Raphi me contó cómo un conocido residente (en sus palabras, “la nada” dentro de toda la jerarquía médica) dio saltos de alegría al recibir una radiografía en la que se apreciaba un cáncer de pulmón. Se alegraba tanto porque había acertado en el diagnóstico y su superior se había equivocado. Raphi me decía “es horrible, es realmente horrible que uno se alegre de que su paciente tenga tan mal pronóstico”. El sistema médico construido a partir de la competencia extrema desde la misma secundaria otorga tanta importancia al individuo que uno no subsiste si no se adapta a estas lógicas ególatras en las que el compañero es una amenaza. Raphaëlle intenta estudiar la carrera sin sacrificar su propia salud, pero no puede hacerlo si quiere tener la posibilidad de elegir su propia especialidad.

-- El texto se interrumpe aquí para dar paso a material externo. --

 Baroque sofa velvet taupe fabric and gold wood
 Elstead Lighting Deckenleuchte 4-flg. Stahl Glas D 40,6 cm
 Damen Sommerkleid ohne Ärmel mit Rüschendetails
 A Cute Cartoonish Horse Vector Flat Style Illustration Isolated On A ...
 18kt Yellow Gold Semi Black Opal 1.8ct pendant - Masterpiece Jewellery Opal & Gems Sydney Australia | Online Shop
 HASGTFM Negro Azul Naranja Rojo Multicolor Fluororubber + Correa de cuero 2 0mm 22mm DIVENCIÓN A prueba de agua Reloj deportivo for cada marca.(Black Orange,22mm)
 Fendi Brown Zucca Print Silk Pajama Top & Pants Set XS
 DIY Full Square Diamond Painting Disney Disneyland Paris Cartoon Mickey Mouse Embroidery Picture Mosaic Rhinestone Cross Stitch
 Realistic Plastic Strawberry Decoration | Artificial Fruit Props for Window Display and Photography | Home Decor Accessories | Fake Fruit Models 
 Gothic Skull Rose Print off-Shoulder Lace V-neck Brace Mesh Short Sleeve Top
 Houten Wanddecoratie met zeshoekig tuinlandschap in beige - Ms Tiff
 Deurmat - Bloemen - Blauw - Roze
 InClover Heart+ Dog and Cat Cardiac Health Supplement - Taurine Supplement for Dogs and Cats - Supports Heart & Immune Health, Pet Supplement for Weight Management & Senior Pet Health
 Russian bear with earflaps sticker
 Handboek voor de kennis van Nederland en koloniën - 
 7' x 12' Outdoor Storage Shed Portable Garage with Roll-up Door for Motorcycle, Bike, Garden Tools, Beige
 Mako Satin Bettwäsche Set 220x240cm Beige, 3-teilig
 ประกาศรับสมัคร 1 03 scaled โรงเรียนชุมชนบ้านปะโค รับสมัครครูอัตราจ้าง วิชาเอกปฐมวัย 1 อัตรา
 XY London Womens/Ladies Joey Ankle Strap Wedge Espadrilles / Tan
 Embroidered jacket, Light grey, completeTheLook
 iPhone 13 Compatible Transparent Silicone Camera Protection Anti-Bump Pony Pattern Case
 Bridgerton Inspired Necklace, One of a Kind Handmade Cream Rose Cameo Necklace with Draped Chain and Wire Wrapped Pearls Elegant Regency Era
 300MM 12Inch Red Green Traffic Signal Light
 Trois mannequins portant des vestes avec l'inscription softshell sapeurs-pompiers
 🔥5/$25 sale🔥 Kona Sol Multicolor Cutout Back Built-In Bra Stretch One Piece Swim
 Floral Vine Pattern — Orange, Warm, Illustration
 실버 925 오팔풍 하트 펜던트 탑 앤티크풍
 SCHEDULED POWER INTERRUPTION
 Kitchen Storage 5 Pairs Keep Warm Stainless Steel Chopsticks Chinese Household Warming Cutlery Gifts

Me cuenta otra historia. Cuando hacía prácticas a las afueras de Bruselas, ella era la “nada, más nada todavía que el residente”. Por eso, y aunque a ella le pareciese muy digno y necesario, los médicos supervisores le encargaban la tarea más “humana” que ellos no querían hacer: hablar con los pacientes de psiquiatría. O sea, los médicos asignaban la tarea de cuidado emocional a sus inferiores. Esto dice mucho no solo sobre cómo se concibe hegemónicamente el cuidado emocional con respecto del estudio distante e intelectual de lo que supuestamente serán “patologías serias”, sino también sobre la manera de jerarquizar la tarea del médico sobre la de les celadores, las enfermeras, las limpiadoras, etc. (Uso la “a” a propósito dada la feminización de las profesiones).
Los feminismos ya sabemos bien que las conductas competitivas en un sentido intelectual y profesional tienen mucho que ver con la masculinidad, como también tiene que ver con el ideal de hombre la racionalidad, el éxito y el individualismo. Sabemos también que en un contexto neoliberal nadie se salva de haber mamao estos valores. Por eso tenemos claro que el sistema sanitario y la institución médica necesitan desaprender su propia lógica para atendernos de verdad. ¿Qué es un sistema sanitario que priva de autogestión y autoconocimiento a las pacientes sino una trampa patriarcal? Raphaëlle me confiesa que le asusta convertirse en uno de estos profesionales que desde la práctica instituida recetan antidepresivos mecánicamente, por inercia, por puro proceder. Dice que es difícil mantenerse vigilante desde la institución y que pasar por el filtro antipatriarcal, por ejemplo, todas estas cuestiones no siempre es fácil. ¿Sería más sencillo si les estudiantes de Medicina recibieran una educación con constante perspectiva de género, anticapacitista, antirracista, decolonial y comunitaria? Y yendo más allá, ¿qué pasaría si la educación sanitaria fuera universal? La gestión pública de la salud debería ir de la mano con formar ciudadanía autónoma que puedan tener peso y herramientas en la relación paciente-doctore. La institución médica no puede seguir construyendo analfabetes en materia de salud. Y desde luego, al propio sistema le hace falta mucho más personal, muchos más recursos públicos, para poder desbloquear la empatía en los vínculos paciente-doctore, para poder practicar una escucha activa y horizontal.
Todo esto lo digo como paciente, como paciente que desde su (no) posición no debería cuestionar todas estas cosas porque no es una voz experta. No quiero que haya más personas que, como yo, salgan con tres recetas de la consulta sin tener ni idea de lo que van a consumir. Por suerte, gracias a leer a Pabla Pérez San Martín, me informo siempre acerca de con qué me medico y, cuando me siento segura, se lo pregunto a le doctore. Hoy le debo a ella la capacidad de decidir que no me tomaré ese antidepresivo.